On appeal, Plaintiff reiterated its argument that the procedure the parties had used effectively was an arbitration, and that a Connecticut arbitration statute required any agreement to arbitrate to be reduced to writing. Plaintiff concluded that, inasmuch as the parties had never reduced their dispute resolution agreement to writing, the mediator lacked jurisdiction to decide the parties’ dispute. The appellate court had to decide whether the binding mediation procedure was the equivalent of arbitration and, if so, whether the mediator’s decision was enforceable.

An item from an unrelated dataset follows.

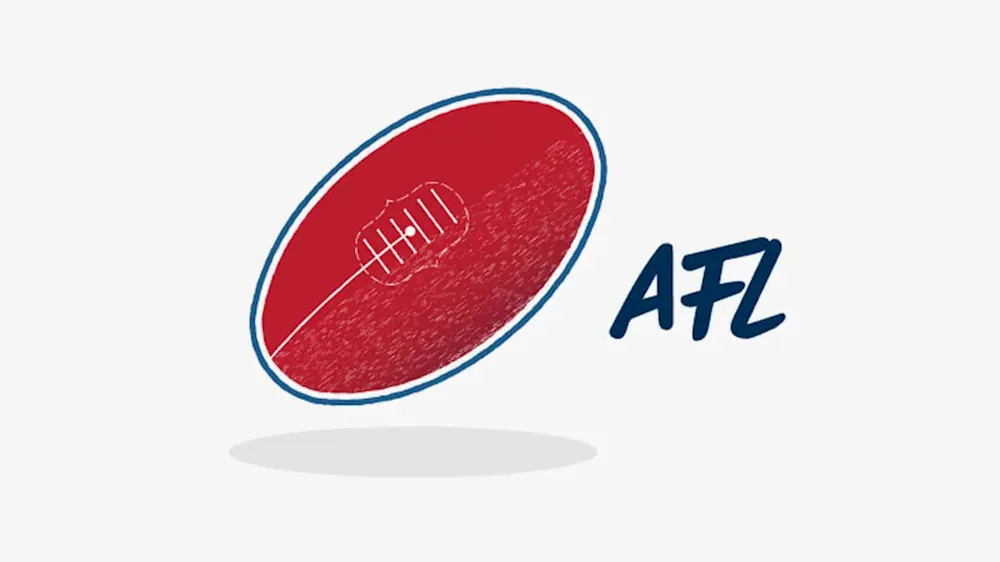 Red football with blue outline and AFL text in navy blue, floating above a light shadow.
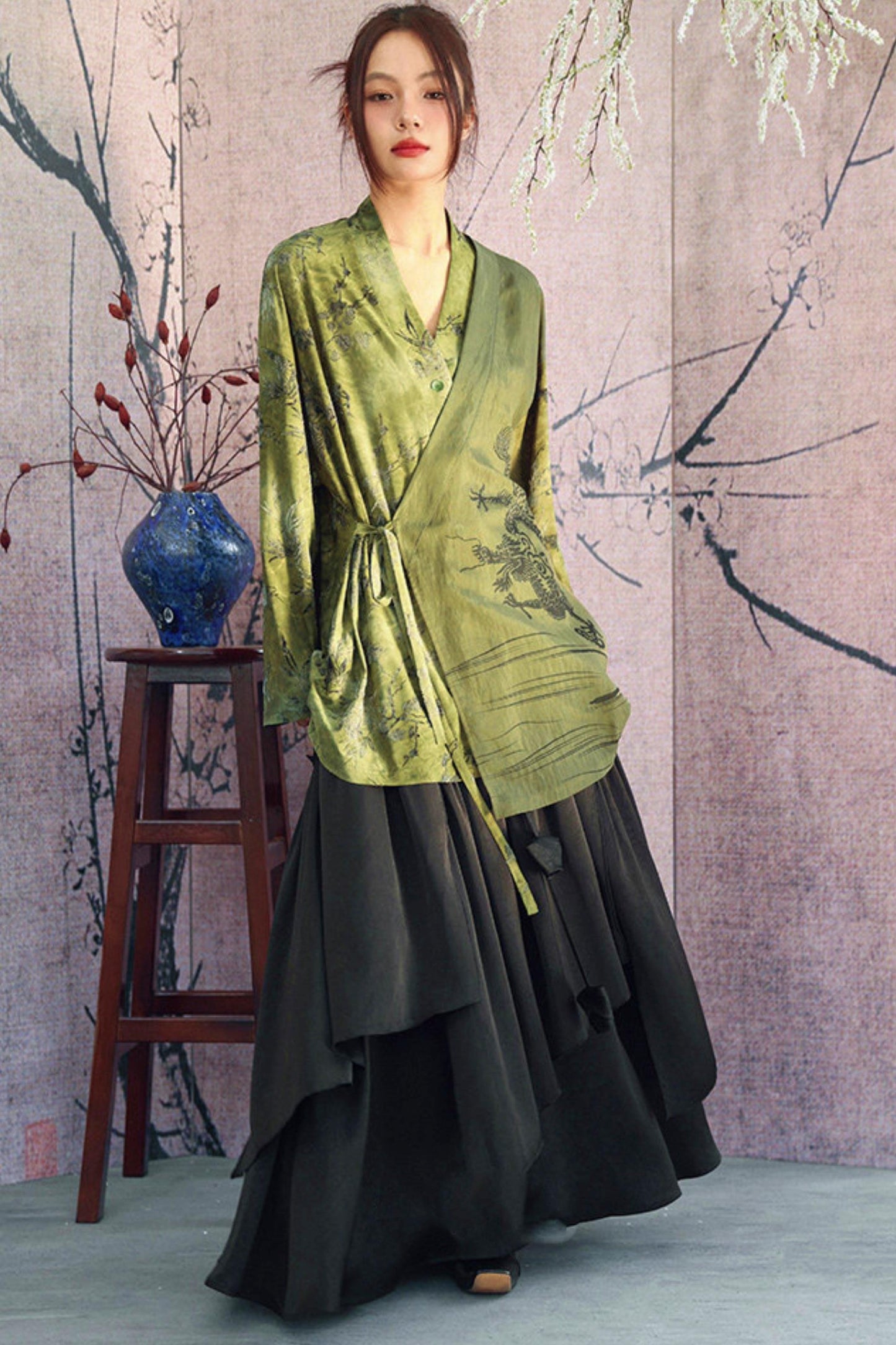 Dark Romantic Satin Skirt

The appellate court noted that there are no particular words required to form an agreement to arbitrate, but that there must be a clear manifestation of the parties’ intent to arbitrate. Here, the court found that the parties consistently referred to the submission of their case to a mediator who, if the parties could not reach a voluntary settlement, would take on the additional responsibility of assigning a final damages number. The only use of the word “arbitration” was by the mediator in the caption of his final decision. The court further noted that in emails between the parties, counsel stated that this method of dispute resolution would be “similar to arbitrating the case, but would not be as time-consuming and less expensive.” The court also found that the parties conduct was inconsistent with the proceeding being arbitration. For example, the Plaintiff complained that the proceeding was not a regular arbitration with each side presenting witnesses, and the defendant filed a motion to enforce a settlement, not a motion to confirm an arbitration award.
Based on all of this evidence, the appellate court concluded that there was no clear and direct manifestation of an intention to resolve their dispute through arbitration. Accordingly, the court ruled that the Connecticut arbitration statute was not applicable and confirmed the trial court’s decision to enforce the mediator’s decision as the parties’ settlement agreement.
Practice Pointers: This decision shows that binding mediation may be something quite different from an agreement to mediate plus an agreement to refer to arbitration any issues that the mediation does not resolve. Instead, when the parties give a mediator the authority to resolve any disputes not settled by the mediation, the resulting decision or award may be regarded by the court as a settlement agreement and enforced accordingly. As the Connecticut court stated in its final comment: “Our arbitration statutes may not be used as a sword to subvert a mutually agreed upon adjudication procedure or as a weapon of further court litigation.”